Michigan State University scholar Terah Venzant Chambers is poised to enact educational change on a national and local level after appointments to two leadership positions.
In a national capacity, she was appointed president-elect for the University Council for Educational Administration (UCEA) in November.
Venzant Chambers will oversee the planning and development for the organization’s annual leadership conference. A selected group of scholars from across the country will help her with this goal, including setting up a theme and inviting speakers to the 2018 event in Houston, Texas.
It’s a “significant responsibility” for more reasons than one, says Venzant Chambers, an associate professor of K-12 educational administration.
“Educational leadership as a field is poised to take an active role in turbulent times. We need to take a stance, be involved,” she said. She sought out the opportunity to be part of the executive committee for UCEA is because of this ideal. She also knew the 2018 conference would be held in Houston, where she has family connections.

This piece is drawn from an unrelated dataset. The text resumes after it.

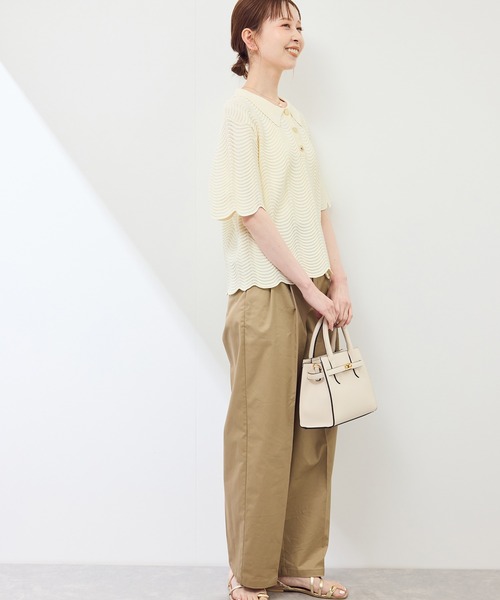 ROPE' PICNIC ニット セーター リップル風襟付きサマーニット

“Texas is going through some unprecedented challenges,” she continued. “Political turbulence, LGBT rights, immigration—just to name a few. I want to make sure we’re highlighting and caring about these important issues coming to a head in Texas and in the U.S.”
Leadership and legacy
This isn’t the first role she’s had in the organization since becoming involved around 2010. She was on the UCEA Plenum, a set of representatives from each of the organization’s member institutions, while on faculty at Texas A&M University. Assistant Professor Chris Torres holds the same responsibility for MSU today.

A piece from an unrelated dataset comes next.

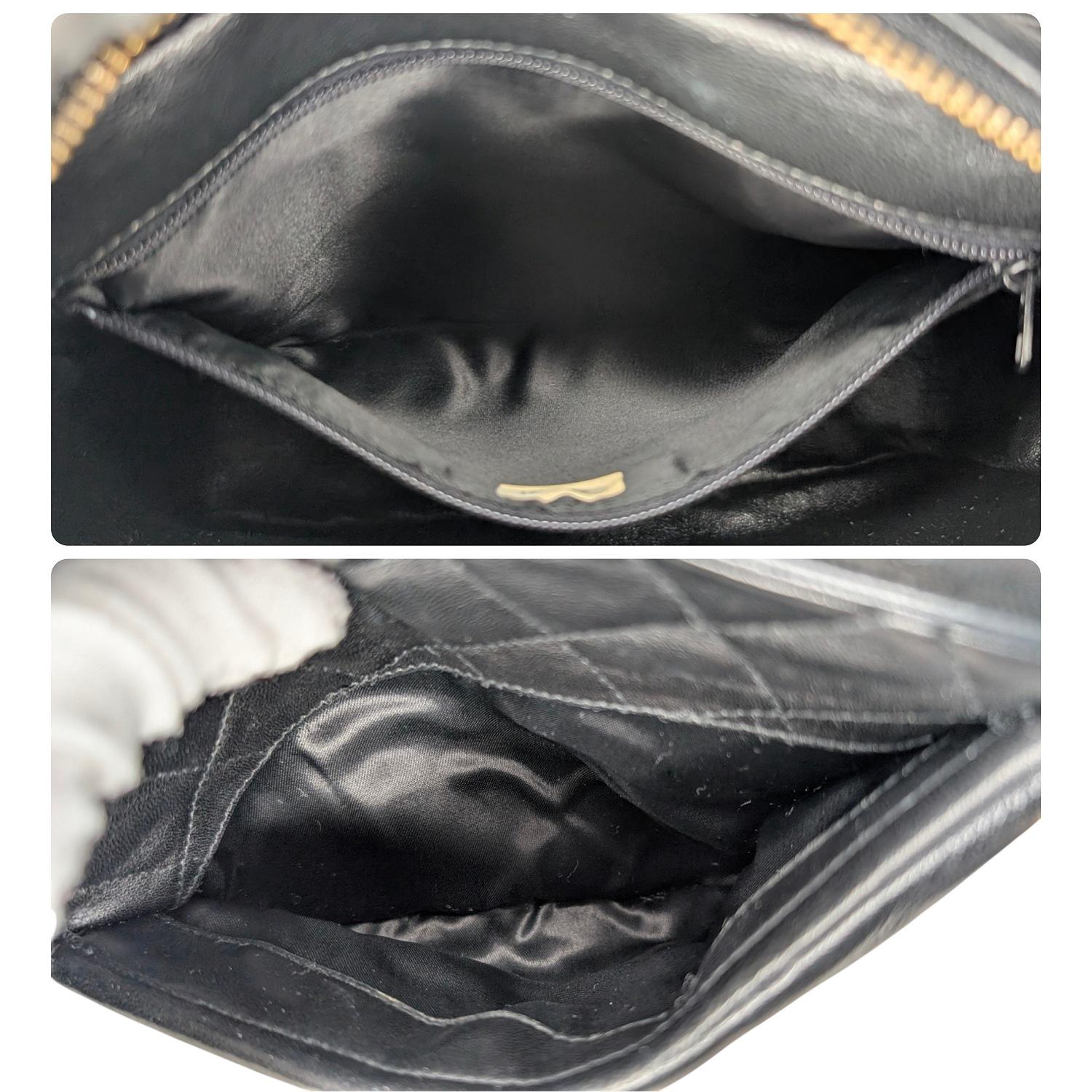 Chanel Vintage Black Quilted Lambskin CC Camera Bag For Sale 4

In 2013, after joining the faculty at MSU, Venzant Chambers was elected to the executive committee, and was part of the planning committee for that year’s conference. In addition, for several years she’s been the leader of a successful and lauded presentation at the annual gathering: “Coulda, Shoulda, Woulda: What we wish we knew before becoming professors,” an exploration into the transition from graduate school to faculty positions.
In 2019, following her year as president-elect, she will transition to being president of UCEA.

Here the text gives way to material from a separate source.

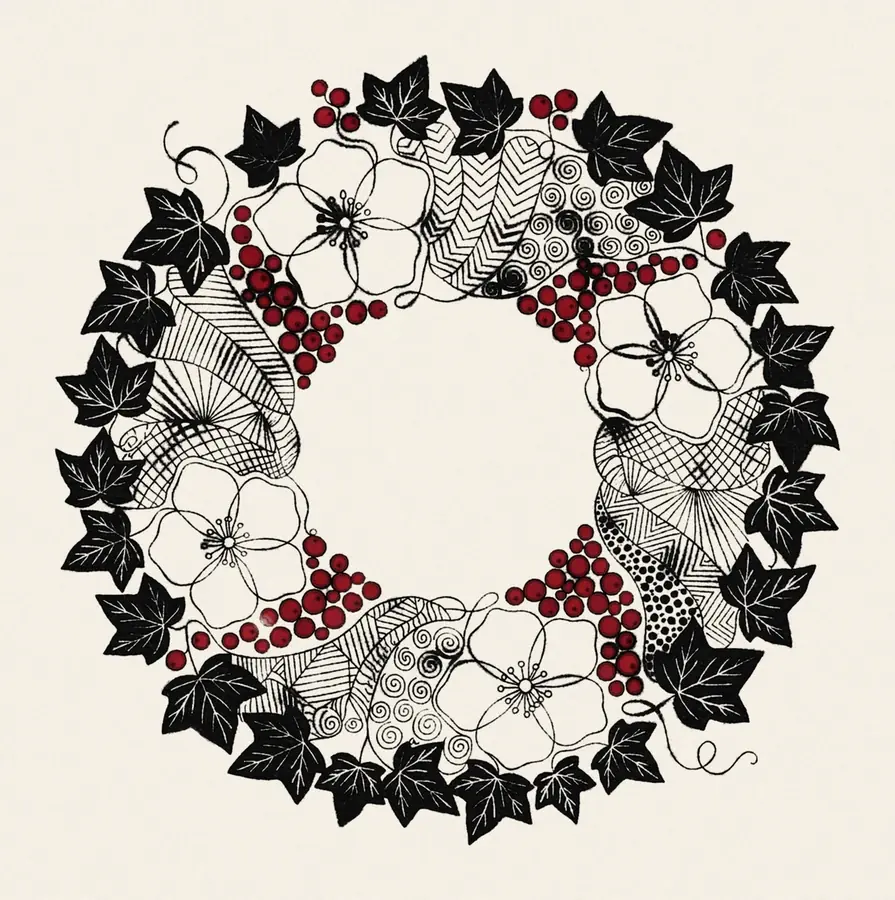 Wreath, Full Ring, finished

“The UCEA is an intentional and proactive organization,” Venzant Chambers said. “I have a responsibility to keep that going, to hold up a legacy of activism.”
In November, Venzant Chambers was also appointed to fill an empty seat on the East Lansing Public Schools Board of Education.
She had been a regular and active attendee to board meetings for years. Later, she started taking leadership roles. She joined a panel on achievement gaps and was selected to be part of a community bond committee to examine how to make the schools better, both in 2016. A bill to build and remodel East Lansing elementary schools, formulated from ideas created by that committee, passed in May 2017. By 2021, the community will have five new and one remodeled school to give students a new, upgraded place to learn.
“I care about East Lansing schools,” Venzant Chambers said. She will hold the new position through the end of 2018. “I feel a responsibility to help make positive changes.”